Kafka's "Metamorphosis" came to my mind during "The Sandman." The initial concept of the case is dark and uncomfortable. Andre, the buggy Wesen, doesn't sexually assault his victims, but he preys on their vulnerabilities. Andre's initial abuse, before the painful blindness thing, is cruel. Molly, his first victim, is sad about her recently deceased brother in the teaser. Andre understands and offers to drive her home. Molly wants to talk. They talk at her place, but she's crying and she's angry she's been taken back to her place of deep sadness and grief. Molly wants to stop crying. Andre pounces once she speaks those words. Pain begets more pain. In both instances, Molly is the victim. Molly's the victim of a drunk driver who took her brother's life when he took the wheel of his car, and she's a victim of a man who preys on her grief to feed. Andre does the same thing later, but his second victim doesn't die. The victim's sister comes home to save her, but she doesn't save her sister's eyes. Buggy Wesen (it is LATE and I don't remember the name....hell, I'm surprised I'm even awake writing this) return to the family to finish the job, as it were. Andre attacks his second victim's sister, but he fails. By then, Nick and Hank are well on him, as are Rosalee and Monroe. Nick's nifty abilities/skills get better by the second.
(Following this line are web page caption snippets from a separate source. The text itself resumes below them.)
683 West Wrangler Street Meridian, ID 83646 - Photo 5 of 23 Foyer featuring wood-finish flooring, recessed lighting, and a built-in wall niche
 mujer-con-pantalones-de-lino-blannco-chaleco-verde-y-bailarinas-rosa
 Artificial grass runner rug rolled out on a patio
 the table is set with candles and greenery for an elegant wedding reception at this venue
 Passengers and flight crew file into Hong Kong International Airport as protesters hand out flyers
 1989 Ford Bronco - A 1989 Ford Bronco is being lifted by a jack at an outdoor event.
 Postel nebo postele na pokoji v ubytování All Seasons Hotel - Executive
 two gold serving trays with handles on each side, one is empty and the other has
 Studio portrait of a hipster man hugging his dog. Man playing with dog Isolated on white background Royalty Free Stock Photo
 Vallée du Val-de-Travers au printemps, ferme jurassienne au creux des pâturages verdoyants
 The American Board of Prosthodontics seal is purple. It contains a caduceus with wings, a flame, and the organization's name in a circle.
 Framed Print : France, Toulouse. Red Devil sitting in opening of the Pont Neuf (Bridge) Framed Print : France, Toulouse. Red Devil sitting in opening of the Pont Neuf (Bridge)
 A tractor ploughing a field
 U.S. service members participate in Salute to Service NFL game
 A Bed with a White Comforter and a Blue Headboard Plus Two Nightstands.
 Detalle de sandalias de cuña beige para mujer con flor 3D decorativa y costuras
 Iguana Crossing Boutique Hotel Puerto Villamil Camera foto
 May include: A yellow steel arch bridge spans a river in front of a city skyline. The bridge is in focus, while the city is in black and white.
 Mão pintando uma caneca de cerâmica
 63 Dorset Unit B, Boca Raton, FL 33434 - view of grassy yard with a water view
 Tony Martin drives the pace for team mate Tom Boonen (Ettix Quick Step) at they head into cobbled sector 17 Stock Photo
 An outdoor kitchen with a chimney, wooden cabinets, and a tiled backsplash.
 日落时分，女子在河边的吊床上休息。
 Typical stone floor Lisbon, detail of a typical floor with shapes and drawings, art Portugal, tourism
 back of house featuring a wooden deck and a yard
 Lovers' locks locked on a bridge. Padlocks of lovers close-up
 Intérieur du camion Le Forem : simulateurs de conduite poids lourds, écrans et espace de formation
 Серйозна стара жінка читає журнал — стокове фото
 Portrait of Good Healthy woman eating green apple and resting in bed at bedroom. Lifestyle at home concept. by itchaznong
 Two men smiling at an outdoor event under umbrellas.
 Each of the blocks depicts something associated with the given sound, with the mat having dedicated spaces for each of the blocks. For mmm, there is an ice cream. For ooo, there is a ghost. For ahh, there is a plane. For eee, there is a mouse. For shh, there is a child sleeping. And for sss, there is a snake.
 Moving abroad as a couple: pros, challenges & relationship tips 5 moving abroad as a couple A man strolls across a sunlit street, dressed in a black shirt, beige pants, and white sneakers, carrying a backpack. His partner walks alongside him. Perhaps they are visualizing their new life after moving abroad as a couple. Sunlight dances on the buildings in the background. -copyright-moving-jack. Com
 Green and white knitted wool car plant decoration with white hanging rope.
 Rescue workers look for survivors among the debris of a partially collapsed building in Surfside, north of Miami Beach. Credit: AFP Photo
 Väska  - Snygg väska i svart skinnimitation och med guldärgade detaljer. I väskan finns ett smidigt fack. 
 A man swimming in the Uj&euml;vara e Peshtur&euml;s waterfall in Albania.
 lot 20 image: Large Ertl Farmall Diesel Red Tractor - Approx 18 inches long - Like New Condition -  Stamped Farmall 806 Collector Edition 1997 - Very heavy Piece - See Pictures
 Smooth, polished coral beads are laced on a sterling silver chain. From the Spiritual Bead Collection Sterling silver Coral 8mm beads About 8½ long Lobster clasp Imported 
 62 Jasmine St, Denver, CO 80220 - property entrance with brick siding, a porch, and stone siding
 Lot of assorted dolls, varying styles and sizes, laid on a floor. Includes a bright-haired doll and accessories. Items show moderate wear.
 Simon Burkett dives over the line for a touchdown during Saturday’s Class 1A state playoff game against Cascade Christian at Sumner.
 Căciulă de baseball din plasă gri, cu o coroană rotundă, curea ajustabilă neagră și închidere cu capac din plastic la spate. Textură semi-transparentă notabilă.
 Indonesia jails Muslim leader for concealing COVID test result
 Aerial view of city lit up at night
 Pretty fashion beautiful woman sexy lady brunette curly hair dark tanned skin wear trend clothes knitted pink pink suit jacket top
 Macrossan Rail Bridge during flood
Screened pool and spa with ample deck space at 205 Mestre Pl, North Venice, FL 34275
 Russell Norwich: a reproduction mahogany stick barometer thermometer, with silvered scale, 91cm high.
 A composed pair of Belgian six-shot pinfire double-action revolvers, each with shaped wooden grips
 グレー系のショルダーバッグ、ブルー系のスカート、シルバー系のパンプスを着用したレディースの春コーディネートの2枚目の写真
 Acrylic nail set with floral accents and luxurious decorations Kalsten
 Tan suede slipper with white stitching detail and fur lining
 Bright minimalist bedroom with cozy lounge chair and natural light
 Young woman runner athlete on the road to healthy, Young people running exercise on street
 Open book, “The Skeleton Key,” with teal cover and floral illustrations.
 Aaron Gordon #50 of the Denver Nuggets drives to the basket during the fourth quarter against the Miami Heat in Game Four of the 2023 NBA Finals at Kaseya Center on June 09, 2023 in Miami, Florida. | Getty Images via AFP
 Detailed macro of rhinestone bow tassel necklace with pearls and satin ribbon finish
The Buggy Wesen's eventually tracked down, cornered and killed but by the second victim's sister. His killing's quite visceral for Grimm, but this story deals with more than simple 'villain needs tears.' Andre's deserving of his fate. "The Sandman" mostly tells the sandman story; however, the teaser of the episode has a second scene in which Nick, Hank, Rosalee and Monroe, eat breakfast and talk about Renard, and in which they unearth the theory that he's basically the bastard of the Royals. The Royals are rarely seen and mostly heard about, and what the characters and the audience hear about is the power of the family. The writers wouldn't give Nick the bug ability if it wouldn't come in handy with the Royals. Adalind has a small scene in Austria in which she tells an older woman about her pregnancy.
Renard has a bizarre dream about Juliette which shows he's dealing with the effects of their potion just as Juliette seemingly is. Juliette takes her problem to Rosalee. Juliette's problem seems less to do with the potion and more to do with her memories. The ghost in her house isn't a ghost but perhaps a memory of Nick the one he time he held a light and walked toward her. The apparition of Nick disappeared before Juliette made sense of what she saw. Renard's dream turns dream Juliette into a sort of molten rock. There are more questions than answers, though.
"The Sandman" is a solid episode of the show. Grimm's really good at showing the dark side of a fairy tale. Grimm doesn't usually follow its epigraph, but their stories tend to deal with the darker side of things, which is way more appealing than the crap Once Upon A Time is putting out weekly. The case-of-the-week goes to a dark place, but "The Sandman" is notable for adding another thing to Nick's arsenal. Grimm's been adding to its mythology and its personal Grimm. That's a good thing.
-Happy Saturday morning. I started the review at 1AM, went to sleep, woke up, and finished before 9AM. I'm sure anyone reading now feels that their weekend can officially begin.
-Andre was South African and complimented anyone who didn't mistake his accent for Australian. I'm now worried I'll mistake a South African accent for an Australian.
-Alan DiFore wrote the episode. Norberto Barba directed it.